Its main asset, VS-01, is a first-in-class innovative liposomal-based therapeutic product candidate currently in clinical development as a potential first-line therapy for the timely recovery of ACLF and UCD. If approved, it would be the first drug to use the intraperitoneal route to simultaneously support the liver, kidney and brain, the organs that most often fail in cirrhotic patients.
VS-01 operates to clear toxic metabolites from the body following paracentesis, by extracting them from the blood into the peritoneal (abdominal) cavity, where they are captured by proprietary scavenging liposomes which are then drained from the body. A planned 60-patient, randomized and controlled Phase 2 Proof-of-concept trial of VS-01 in ACLF is expected to launch in the fourth quarter 2022. Efficacy and safety interim data are expected as early as the first half of 2024.
The US Food and Drug Administration (FDA) granted VS-01 with the Orphan Drug Designation (ODD) in ACLF and in UCD and with the Rare Pediatric Diseases Designation (RPDD) for the acute treatment of UCD. The European Medicines Agency (EMA) also granted VS-01 with ODD in acute liver failure. Given the unmet medical need and the current standard of care, GENFIT intends to seek approval of these candidates via expedited regulatory pathways.
VS-02 is a pre-clinical oral, small molecule drug candidate being developed for the chronic management of HE, considered an endemic disease worldwide. HE is a nervous system disorder brought on by advanced chronic liver disease. VS-02 will be developed as a unique colon-active formulation designed to minimize systemic absorption of ammonia and act where ammonia is primarily produced, while reducing glutamine levels in the brain.
GENFIT will also be able to develop TS-01, a unique point-of-care diagnostic device in prototype development for the at-home measurement of ammonia in the blood, the primary cause of HE.
The deal should be completed during the fourth quarter 2022, following completion of the consultation of GENFIT’s employees representative bodies.
In parallel, GENFIT continues the development of its other program evaluating NTZ in ACLF, with a pre-IND meeting scheduled with the FDA in the coming weeks, following encouraging Phase 1 data.
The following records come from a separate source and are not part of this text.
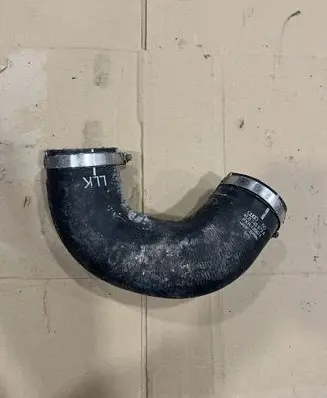 Audi Q7 4L Intercooler hose/pipe 4L0145972A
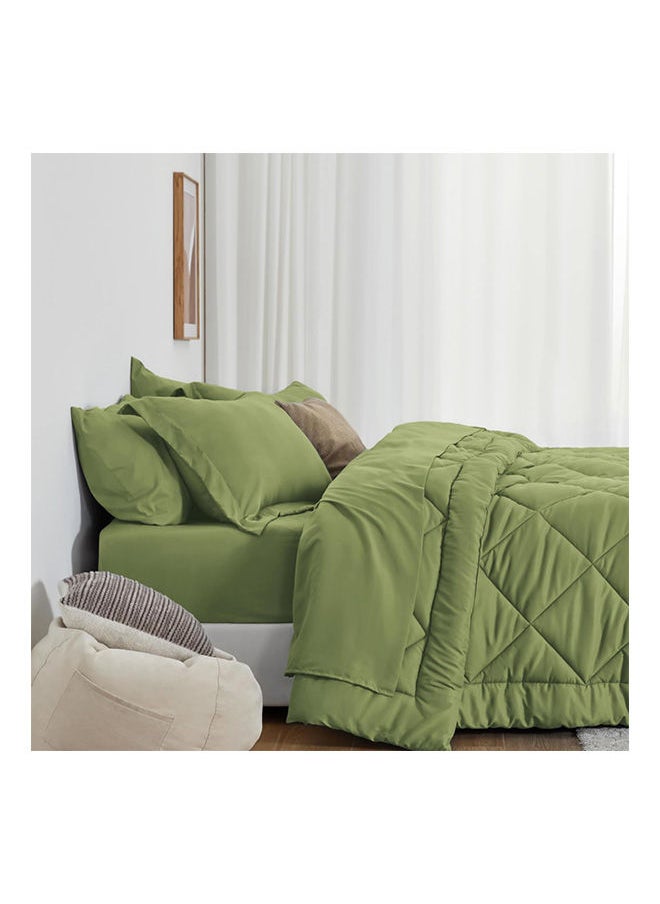 SIGNOOLA - Signoola Diamond Microfiber Heavy Comforter, 3.5 kg ,Set of 6 Piece (1 Comforter Blanket , 2 Pillow Cases , 1 Fitted sheet and 2 Pillows ), (180 cm x 240 cm),Double Bed Blanket for Winter Green Color - Image 1
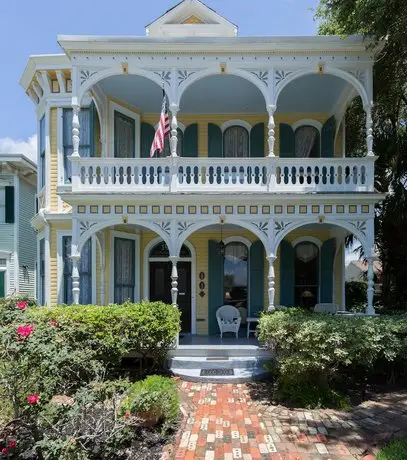 Coppersmith Inn Bed and Breakfast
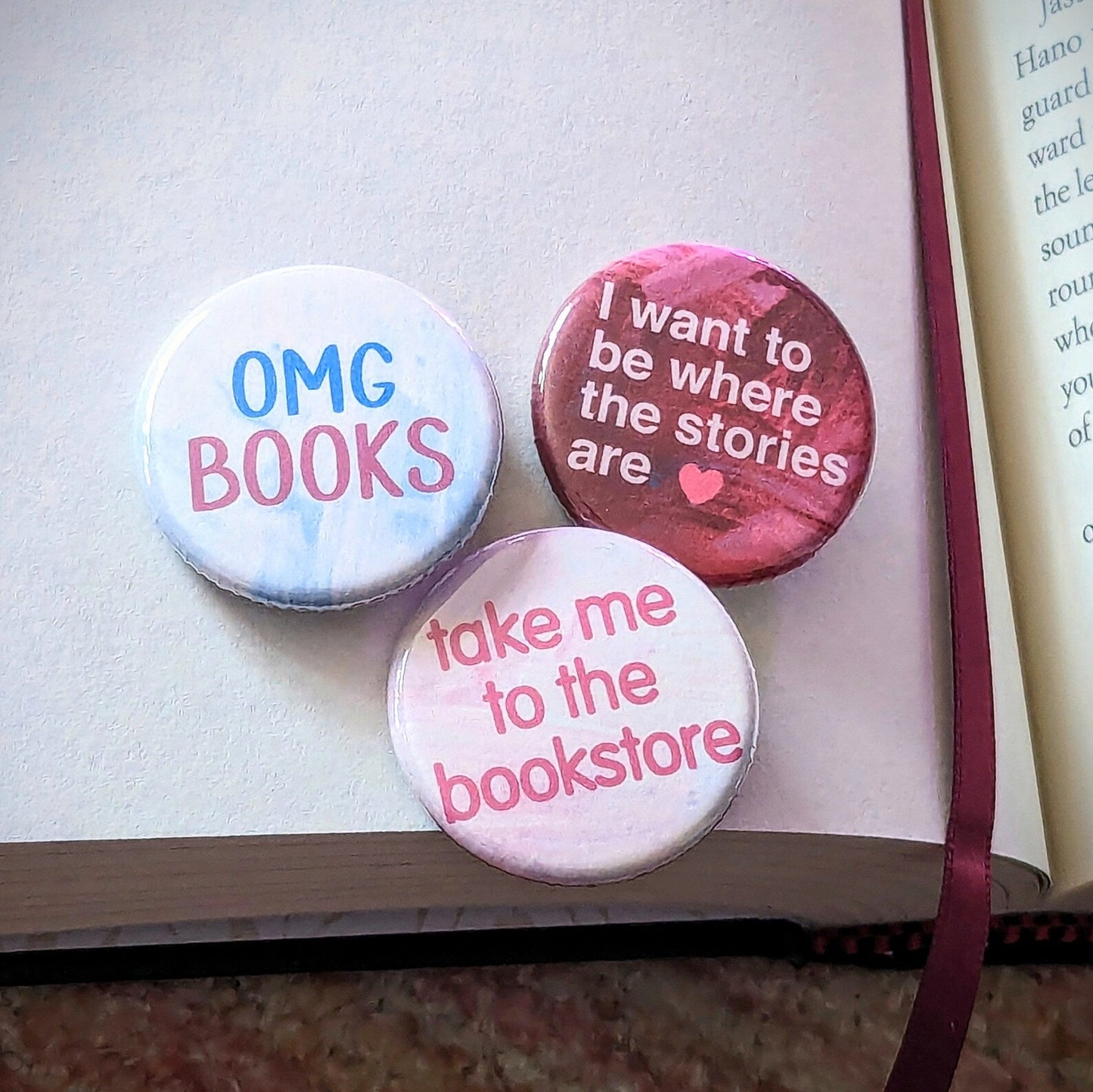 OMG Books - Button Pin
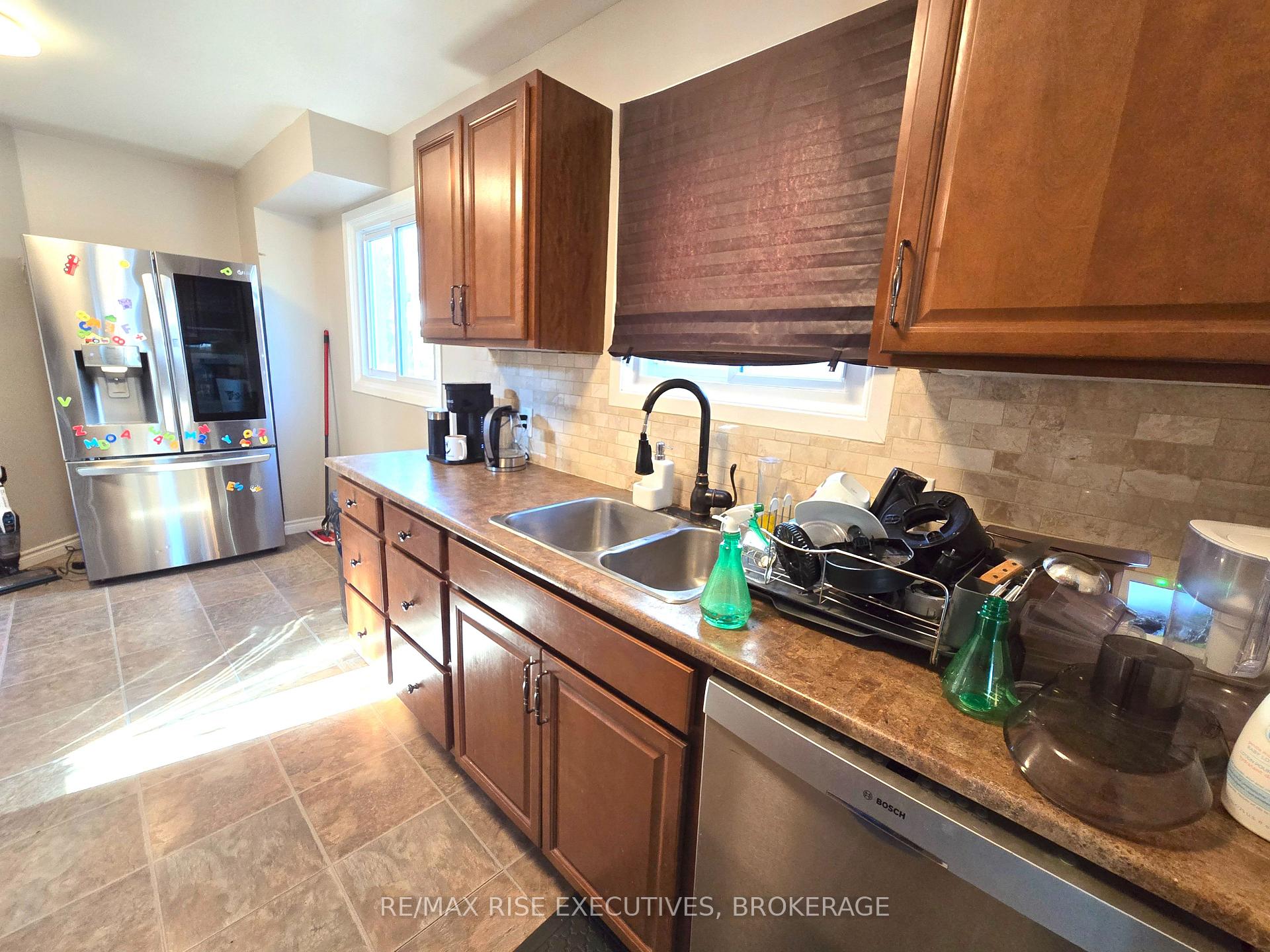 Photo 5 of 1117 Wintergreen Crescent, Kingston, City Northwest — HOMEH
Pascal Prigent, Chief Executive Officer of GENFIT, said: “Versantis has an exciting portfolio that is complementary to GENFIT’s. We are also thrilled to welcome a talented team that has developed a strong scientific expertise in ACLF. We believe that significant synergies exist and that this acquisition will accelerate the development of several promising drug candidates in areas of high unmet needs.”
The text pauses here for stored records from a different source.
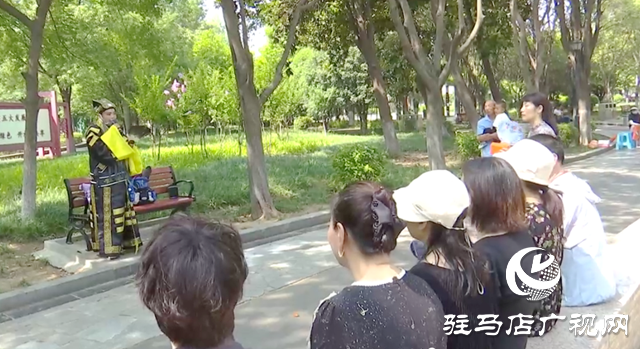盛夏奏響銀發(fā)樂章 街頭藝術(shù)家燃情綻放城市舞臺
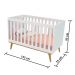 Quarto de Bebê Lígia Retrô Berço 3 em 1 Ludmila Cômoda 4 Gavetas com Porta Branco com Bétula Carolina Baby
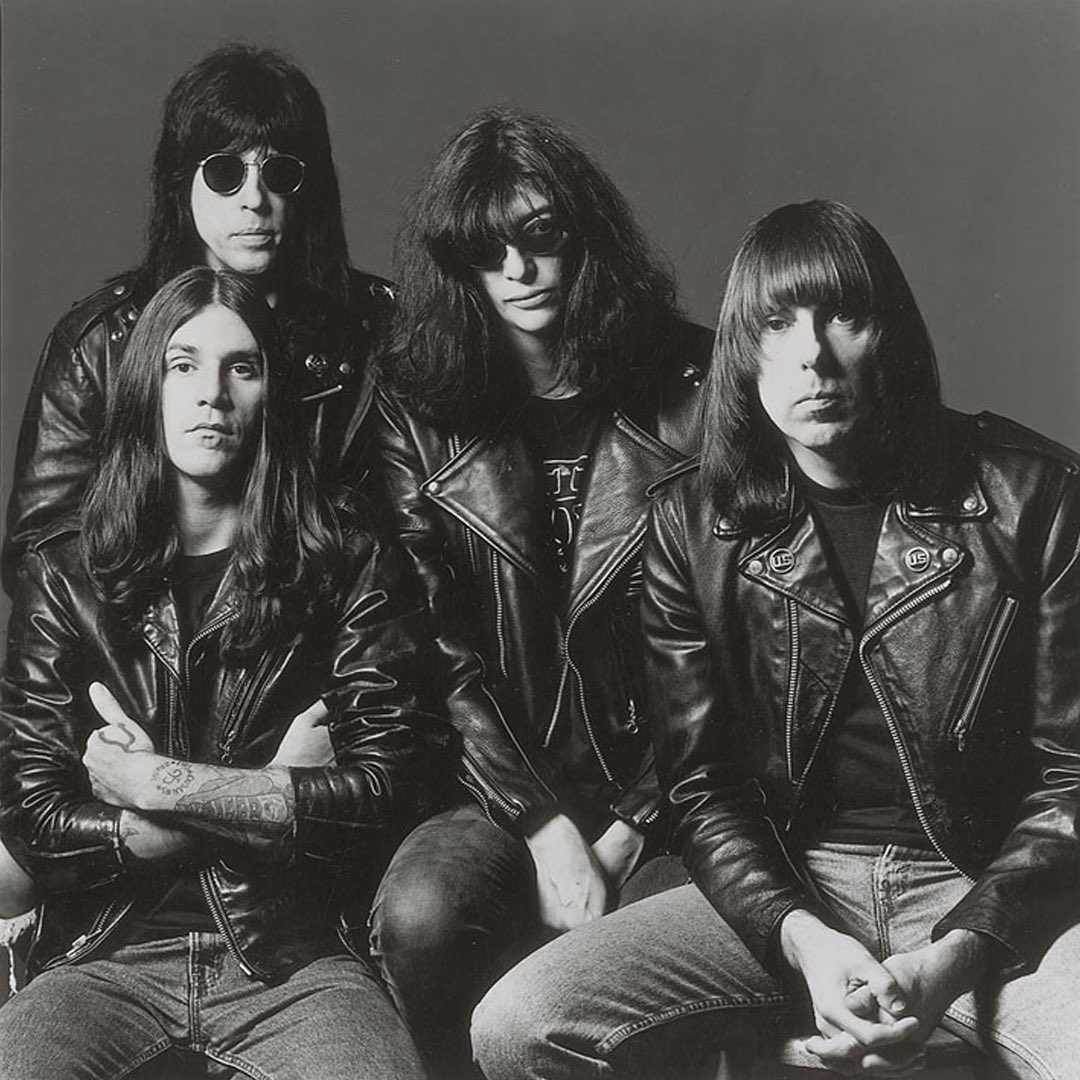 RamonesOfficial's tweet image. Sitting down for Radioactive Records in June 1995.
Photo by Michael Halsband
Jean-François Mouney, co-founder and chairman of the board of GENFIT, added: “This agreement is a new chapter in the implementation of GENFIT’s strategy, which expands and diversifies our portfolio with assets presenting a significant market potential.”
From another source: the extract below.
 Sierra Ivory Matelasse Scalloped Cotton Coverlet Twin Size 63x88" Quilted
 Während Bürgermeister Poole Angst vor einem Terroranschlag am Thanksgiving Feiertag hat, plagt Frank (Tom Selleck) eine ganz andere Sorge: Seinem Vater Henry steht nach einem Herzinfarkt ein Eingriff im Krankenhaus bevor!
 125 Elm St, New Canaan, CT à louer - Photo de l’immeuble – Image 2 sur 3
Vincent Forster, PhD, chief scientific officer and Meriam Kabbaj, PhD, chief operations officer, both board members and co-founders of Versantis, concluded: “We are enthusiastic to be part of GENFIT, considering their experience in exploring severe and underserved conditions. We think that GENFIT’s knowledge and experience in the development of programs targeting complex liver diseases will be invaluable to accelerate and maximize the probability of success of our programs. We also are excited by the new opportunities offered by GENFIT’s research capabilities.”
The deal includes an initial consideration of CHF40 million due at closing, with contingent consideration of up to CHF65 million upon positive Phase 2 results for VS-01 and VS-02 and regulatory approval of VS-01. In addition, Versantis is eligible to receive 1/3 of the net proceeds resulting from the potential sale of the Pediatric Review Voucher of VS-01’s pediatric application by GENFIT to a third party, or 1/3 of the fair market value of this Voucher if GENFIT opts to apply it to one of its own programs.